▶ Problem details: Where a picture appears, leave it out, and print the rest of the records as they are.

▶ Data supplied:
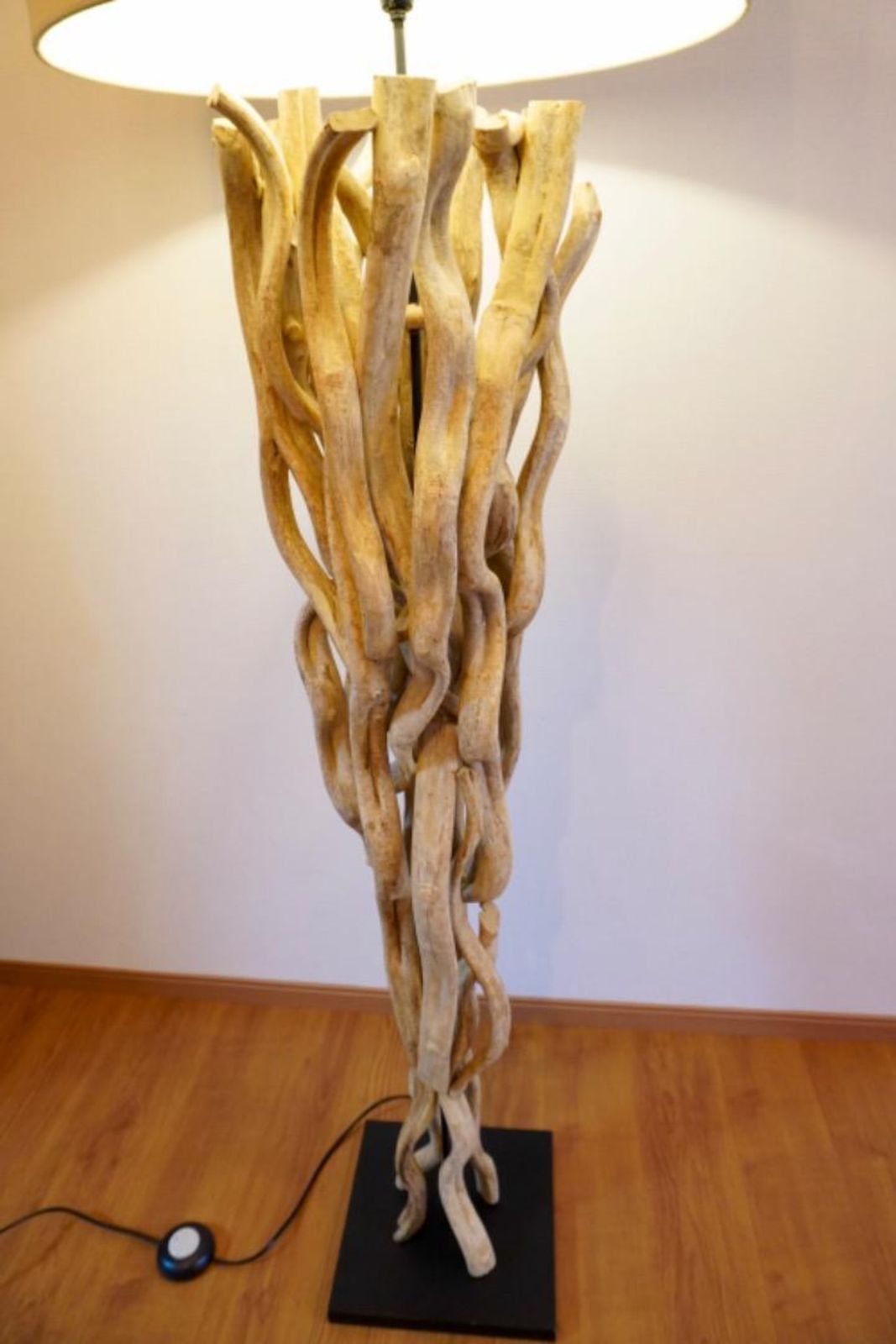 フロアランプ 流木風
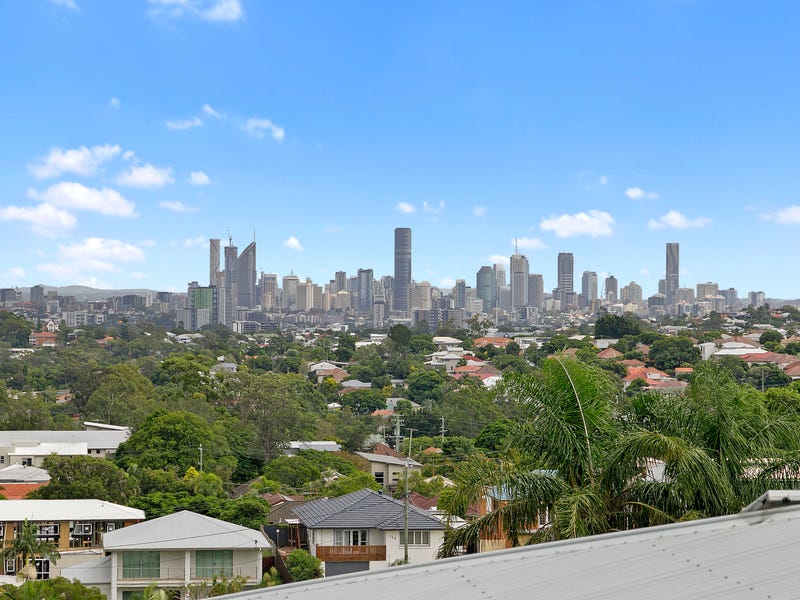 4 Harbut Street, Holland Park West, QLD 4121 - realestate.com.au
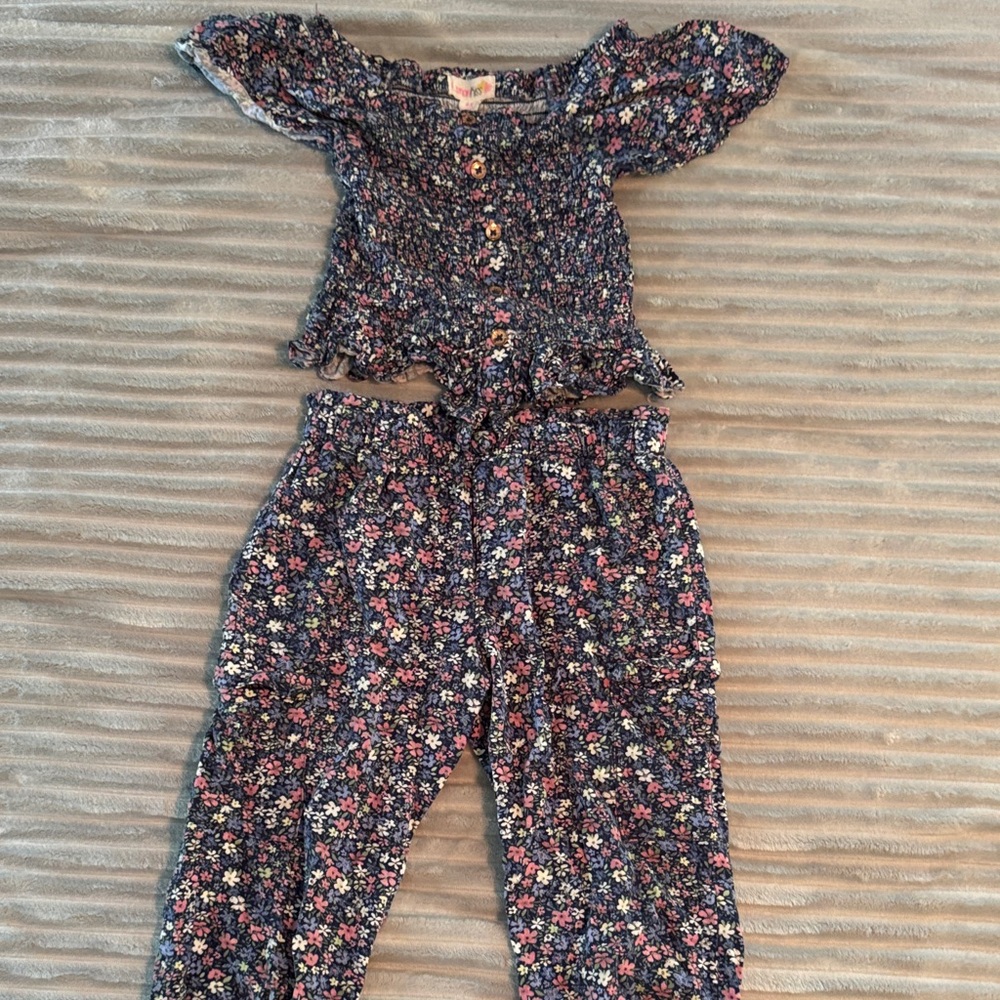 Girls size 6x Colorful Floral Two-Piece Outfit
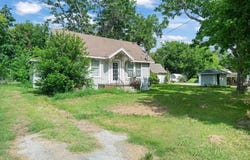 517 N Oleander Street, Grand Saline, TX 75140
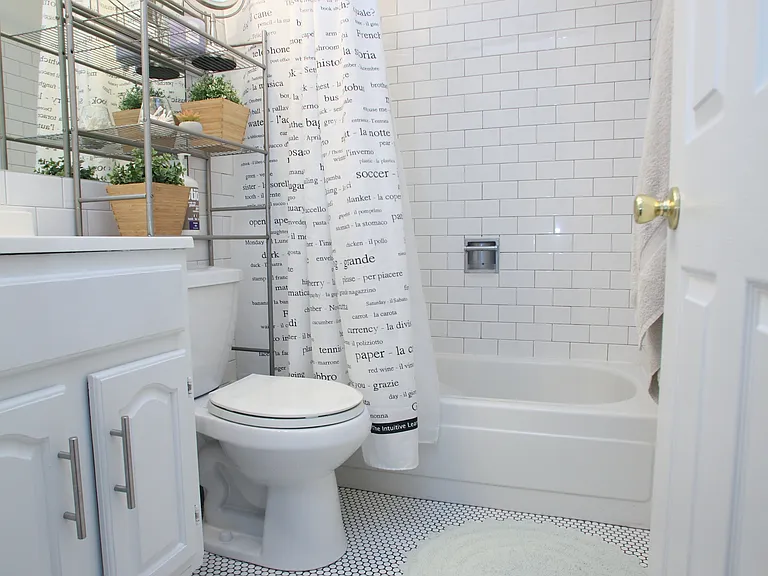 4923 SE 71st Ave #1 — Photo 3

▶ Solution for this exercise:
 フロアランプ 流木風
 4 Harbut Street, Holland Park West, QLD 4121 - realestate.com.au
 Girls size 6x Colorful Floral Two-Piece Outfit
 517 N Oleander Street, Grand Saline, TX 75140
 4923 SE 71st Ave #1 — Photo 3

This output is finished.